Plea Agreements in Federal Criminal Cases
In the context of a federal criminal case, a plea agreement is essentially a contract. You, the defendant, will agree to give up your right to trial in exchange for something beneficial, such as a lighter sentence.
This means you agree not to challenge the federal criminal charges by calling witnesses. It also means you will plead guilty to some crime, but not always the one you were charged for. In most federal plea agreements, the primary question is, what is “something beneficial?” Primarily, it refers to a particular sentence.
Plea agreements contain an “agreement” to the applicable sentencing guideline range, the recommended sentence that the judge should impose. The guidelines are advisory, not mandatory, meaning the federal judge can set a lower or higher sentence.
Many plea agreements prohibit the defendant from arguing for a sentence lower than the guidelines but don't impose the same restriction on the federal government. Further, in most jurisdictions, a federal defendant must forfeit their right to appeal the sentence.
This is important because the plea agreement does not bind a federal judge, who could accept the plea agreement, determine the guidelines, and impose a sentence up to the statutory maximum of the crime if they want to.
Thus, in federal criminal cases, the government will require the defendant to agree to specific guidelines and waive their right to a jury trial, call witnesses, and contest the charges in exchange for an uncertain outcome.

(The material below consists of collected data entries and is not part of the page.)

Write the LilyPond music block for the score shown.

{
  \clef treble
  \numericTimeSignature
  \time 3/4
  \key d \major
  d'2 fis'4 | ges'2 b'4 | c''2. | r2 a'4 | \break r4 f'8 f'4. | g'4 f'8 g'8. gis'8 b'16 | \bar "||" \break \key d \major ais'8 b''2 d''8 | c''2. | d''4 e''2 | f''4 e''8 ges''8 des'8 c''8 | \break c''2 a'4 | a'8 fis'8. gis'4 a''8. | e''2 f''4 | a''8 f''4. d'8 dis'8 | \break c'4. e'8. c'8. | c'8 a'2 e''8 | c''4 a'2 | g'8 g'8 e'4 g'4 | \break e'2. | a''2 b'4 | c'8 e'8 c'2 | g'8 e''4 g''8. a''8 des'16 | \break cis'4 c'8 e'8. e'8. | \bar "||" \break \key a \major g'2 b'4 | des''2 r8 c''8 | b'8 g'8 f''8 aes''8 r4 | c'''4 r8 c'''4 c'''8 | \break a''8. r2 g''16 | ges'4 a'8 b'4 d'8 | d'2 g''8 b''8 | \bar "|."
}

Suppose that the outcome is bad in the end. In that case, you can't file an appeal. However, in reality, most federal plea agreements will result in something beneficial for a defendant, but having an experienced federal criminal defense lawyer is crucial to have the best chance of a favorable outcome.
Plea Agreement – Quick Facts
There are some essential facts you should know about plea agreements, also called “plea bargains” in federal criminal cases, such as the following:
- Plea bargains are a formal agreement where a defendant will plead guilty for reduced charges or receive a lesser sentence.
- Plea agreements provide benefits for both parties in the case.
- The closer a federal defendant gets to trial, the better the plea offer is.
- Federal prosecutors can resolve the case without a trial.
- Federal judges still have broad discretion when imposing a sentence.
- The sentencing range agreed upon by the federal prosecutor is only a recommendation to the judge.
- Federal plea bargains are often lengthy written documents that detail the defendant's admissions, legal rights waived, and the agreement.
What is the Plea Agreement Process?
After the federal prosecutor and defense lawyer agree to resolve the federal criminal case through a negotiated plea, the government will write a draft to be signed.
Often, the negotiations will be lengthy and hotly debated. Typically, the first matter in the federal plea agreement is the charges to which the defendant agrees to plead guilty.
These charges might be the initial charges in the indictment but could differ as part of the negotiations. Sometimes, the defendant will have to admit specific enhancements.
The agreement's factual basis portion can potentially impact federal sentencing. Here, there is an agreement to a specific factual scenario that lays out the defendant's illegal conduct in significant detail, such as the following:
- What did the defendant know?
- What was their intent?
- How did the defendant plan to benefit from the illegal activity?
- Stipulations about the loss amount caused by the crime.
In white-collar crimes, the loss is often a crucial factor that can change the sentence the defendant will receive based on an advisory application of the United States sentencing guidelines.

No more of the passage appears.